_WORK REQUEST:_
Restate the data below word for word. Skip any images it contains.

_COLLECTED DATA:_
┄┄┄┄┄┄┄┄┄┄

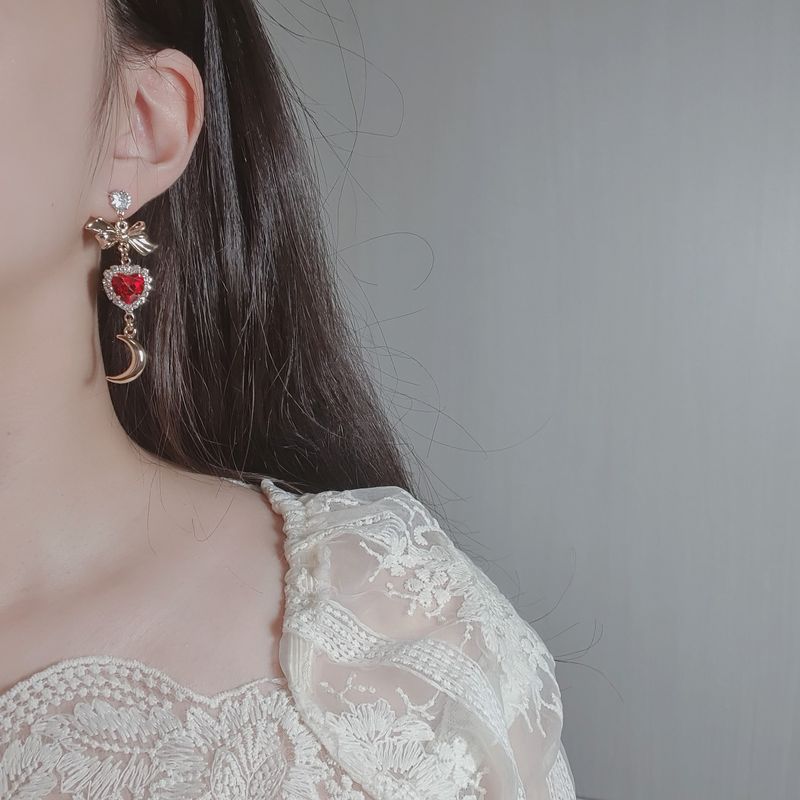Moon Witch Earring- Red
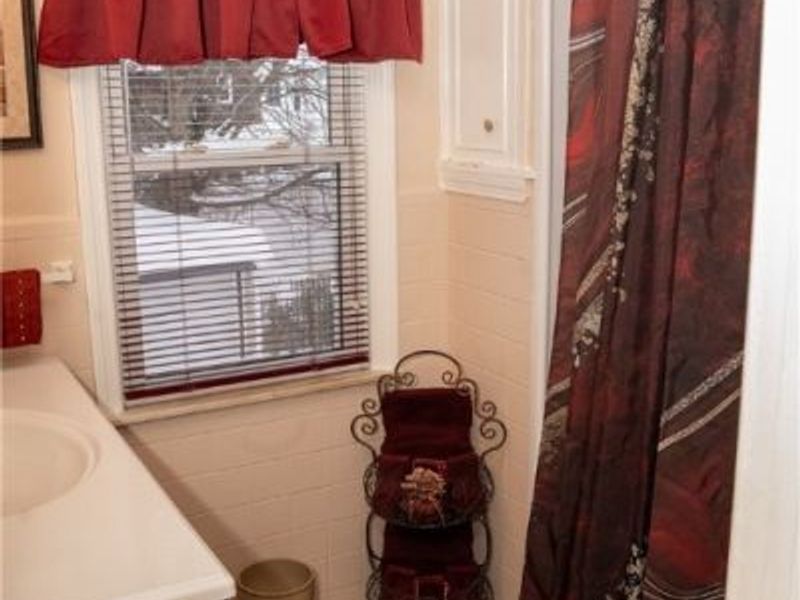 3670 Silsby Road, University Heights, OH 44118 Photo 15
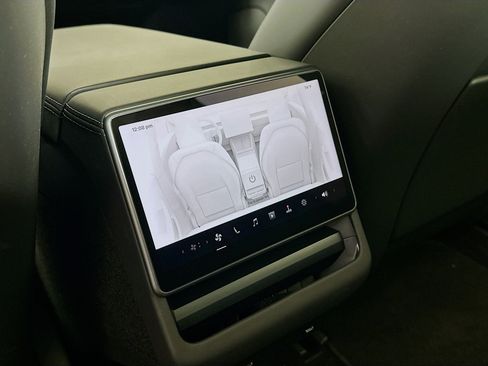 Used 2025 Tesla Model 3 Long Range RWD image 26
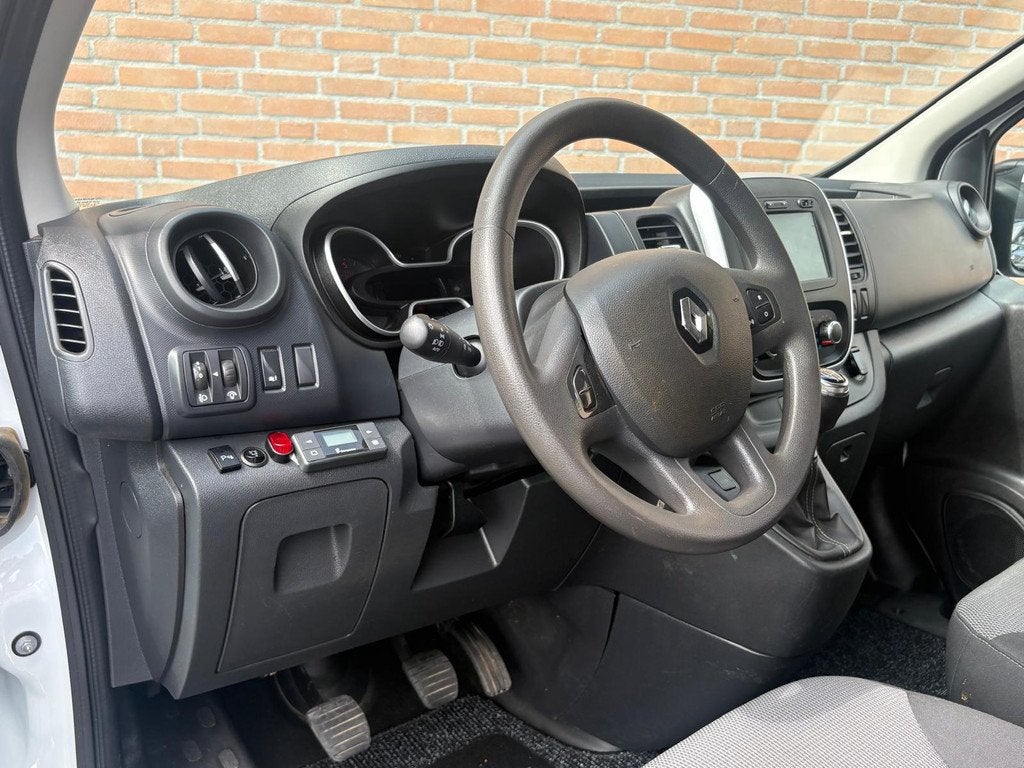 Renault Trafic 2.0dCi 120PK Lang / Camera / Cruisecontrol /, Auto's, Bestelauto's, Voorwielaandrijving, Stof, Gebruikt, 4 cilinders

┄┄┄┄┄┄┄┄┄┄

_EXPECTED ANSWER:_
Moon Witch Earring- Red
 3670 Silsby Road, University Heights, OH 44118 Photo 15
 Used 2025 Tesla Model 3 Long Range RWD image 26
 Renault Trafic 2.0dCi 120PK Lang / Camera / Cruisecontrol /, Auto's, Bestelauto's, Voorwielaandrijving, Stof, Gebruikt, 4 cilinders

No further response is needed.